Dissidents are something of an easy target, I feel: marginalised by propaganda and repression for years, their emigration and ‘grandstanding’ alongside the democrats in the Nineties has not found the kindest response from those they purportedly serve. Guilty of spying, personal enrichment at the hands of the West, state treason, and the end of the Soviet Union (and all that entails), they have been denounced roundly, and are now the subject of parody (mocking imitation) and satire (social wittery).
Maksim Kantor’s Uchebnik risovaniia (2005) combines elements of both (on purpose?) through his ruthless vision of the post-Soviet liberal intelligentsia, and Vsevolod Benigsen attempts something similar on a smaller scale with his recent novels Genotsid (2008), Raiad (2010), andVITCH (2011). The latter, in particular, plays with ideas of emigration (interna/external) as Benigsen follows a middle-age liberal journalist as he traces what happened to friends involved in a samizdat magazine, who were forced to emigrate in 1979. The topos of emigration as the end of friendships and contacts/a new life is invoked as Tereshenko (the protagonist) realises that he still hasn’t heard from any of them despite how much time has passed. He eventually finds out that the KGB rerouted their plane from Berlin to a secret closed town in Central Russia, where they are still living to this day. Tereshenko is eventually used by some shadowy state bureaucrats to kick the dissidents out so the bureaucrats can build a luxury health resort. It is the painstakingly detailed imagining of dissident intelligentsia, however, that is the star of the show here. Benigsen’s use of stagnation cliches effectively recreates the dissidents into the sovok despised by the liberal intelligentsia. Unfortunately, much like Kantor’s mammoth 1500 page satire of the intelligentsia, Benigsen’s novel is sloppily worked out, contains far too many cliches and easy plot devices, to the point that it begins to smack more of literaturshchina than anything else
And on a related noted, several dissident ‘internet personalities’ have sprung up over the past year or so which are similar in this regard. The obvious one is a certain ‘Lev Sharansky’, whose name is loaned from Natan Shcharansky accompanied by an image of Solzhenitsyn. His LiveJournal and Twitter accounts are meme-tastic (in every sense of the word), and are biting parodies much like Benigsen.

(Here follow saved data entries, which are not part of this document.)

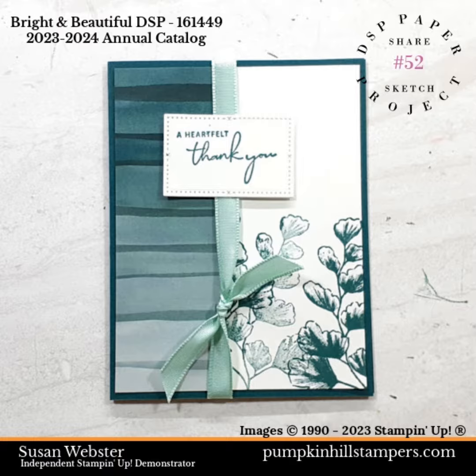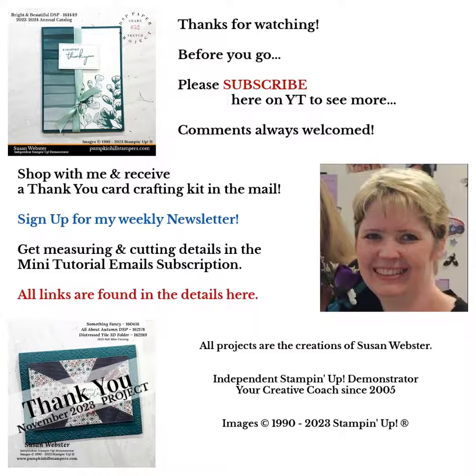And there's our nice simple card for today. Give me a thumbs up and let me know if you like this simple design. Remember you can subscribe to the channel, leave me a comment, or subscribe to my newsletter with the links below. I hope you did some fun stamping and enjoy the project — stamp again real soon.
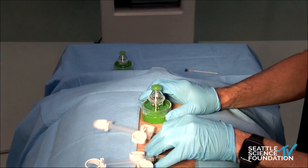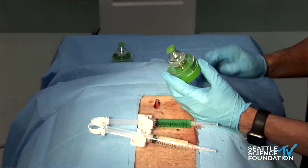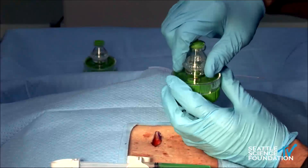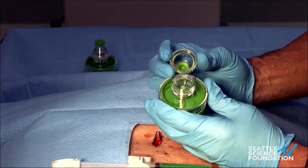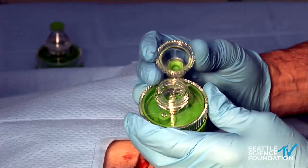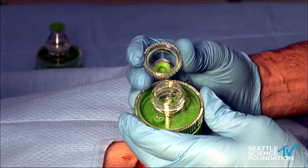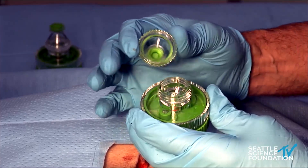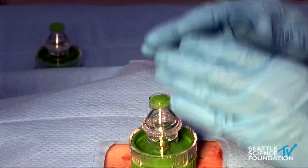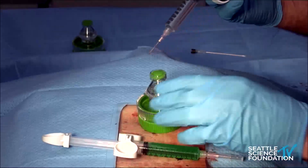I'll demonstrate the mixing first. This is the container that the micronized disc comes in — this one doesn't have any material in it for demonstration purposes. The disc material is generated from donated cadavers, with the disc and end plates removed, ground to 300-micron aliquots. There is 0.75 cc's in the container, which comes shipped in a sterile container.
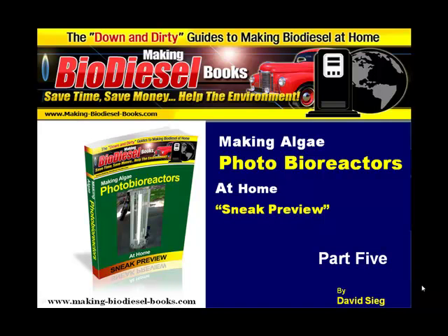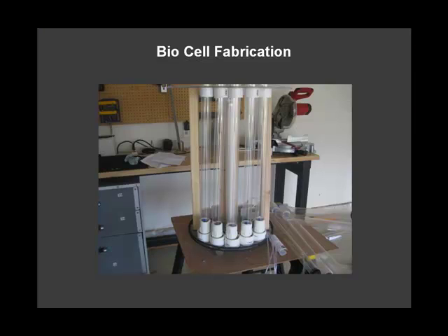Hello and welcome to part 5 of making algae photobioreactors at home. First we're going to start with the biocell fabrication today.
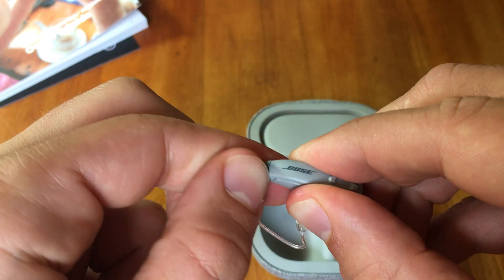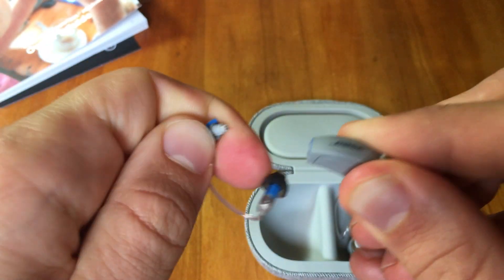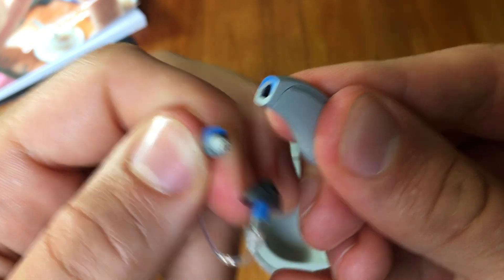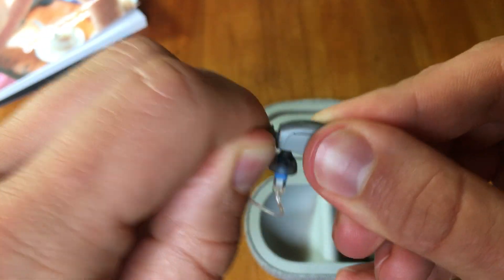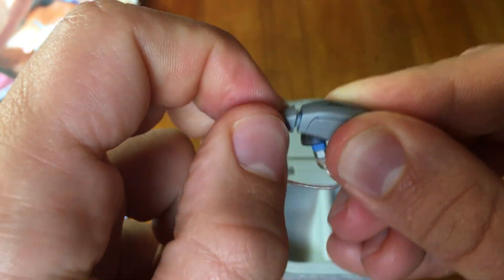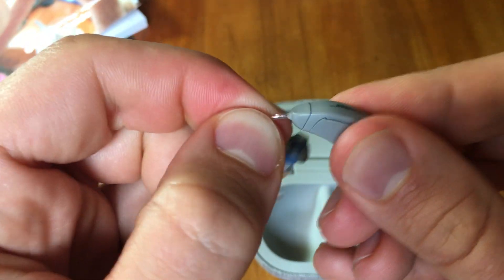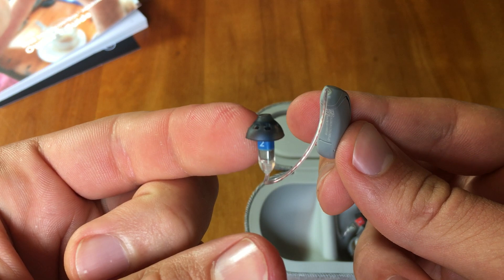To take it off, you put your fingernail or a similar object in there and remove it. Then you match the blue with the blue, and if you insert it properly it should snap right back just like that. Test it out — okay, that's on nice and secure. That's how you change the receiver wire.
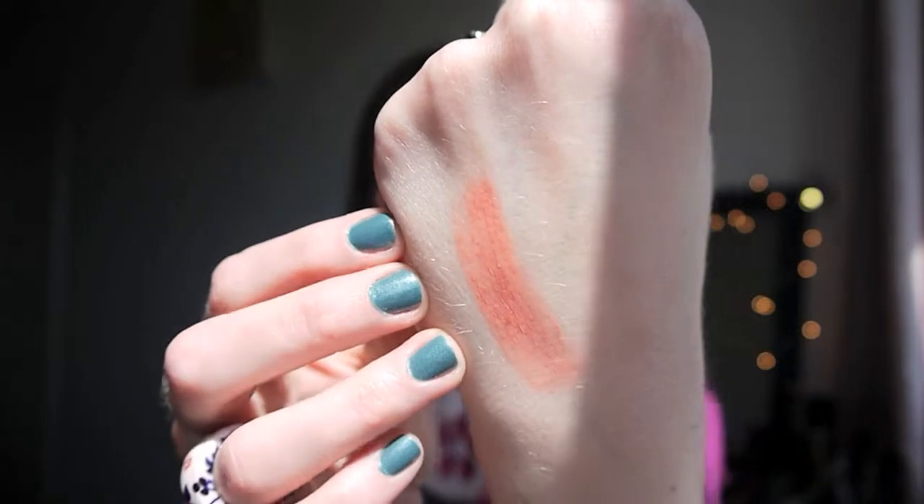So that's just a swatch of it on my hand. These are very creamy products and they do feel like they're benefiting your lips while they're on. I'm going to remove my lipstick that I'm currently wearing and show you what they're like on my lips.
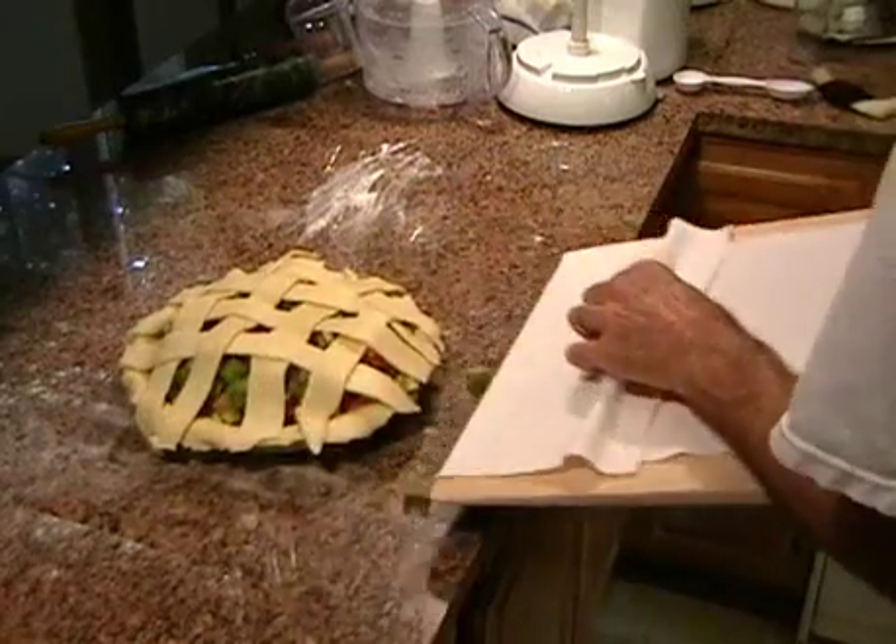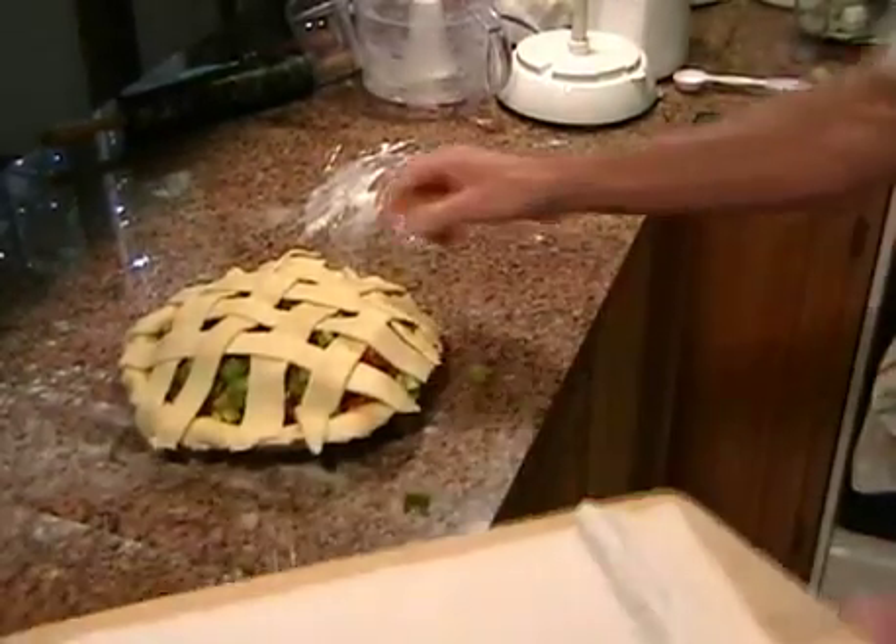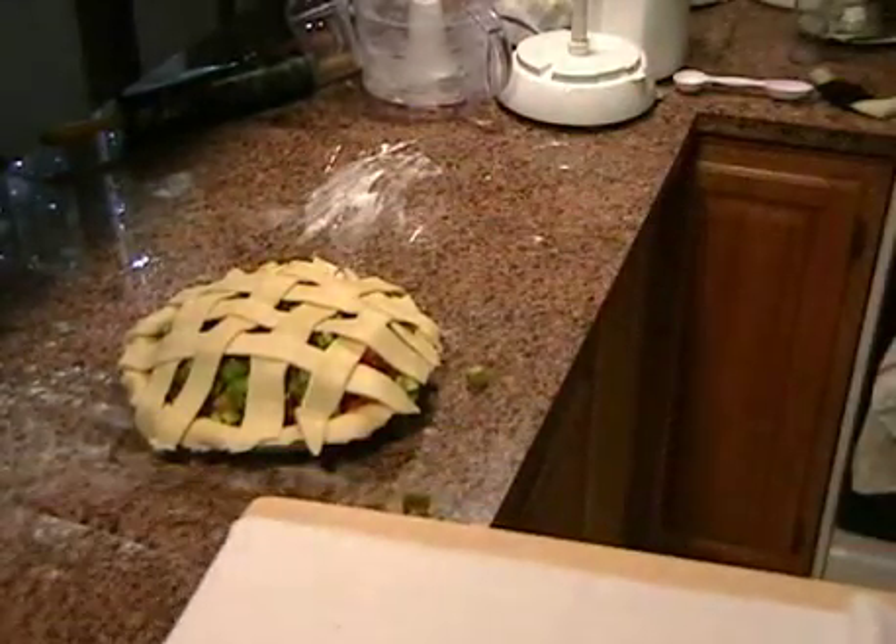Take it up, take it up. Whoops. Well, how does that turn out? It's beautiful. All right.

Apparently run by pro-Kremlin bloggers, the LJ site has hosted the following: a ‘dissident’ pack of cards (the joker card is Berezovsky ‘Victim of the Regime); a music promotion video for Sharanksy’s diatribes which combines speedcore with the lyrics ‘Only Sharansky! Only hardcore!’ performed by an artist called ‘Cannibal Bonner’ (i.e. black metal band Cannibal Corpse/Elena Bonner) as indicative of Sharansky’s preference for American punk, hardcore, and death metal; announcements concerning Sharanksky’s political party, the ‘Konservativnaia Partiia Svobody Sovesti’ (KPSS ha-ha); the usual variety of internet racism and a fantastic breakdown of current images and ideas about dissidents (Solzhenitsyn’s changing positions on many issues are still far from the blog’s picture of him). It parodies intelligentsia customs by breaking the world down into an economy of ‘handshakes’ (rukopozhatie), which mocks the fractured and petty nature of the liberal opposition. A great breakdown of the subtleties in the recreation of Soviet dissidents can be found here. It has several ‘sister’ sites such as those of ‘Solomon Khaikin’ (the real-life Gennadii Struganov) and ‘Pravozashchitnye Izvestiia KPSS’, which contain similar material.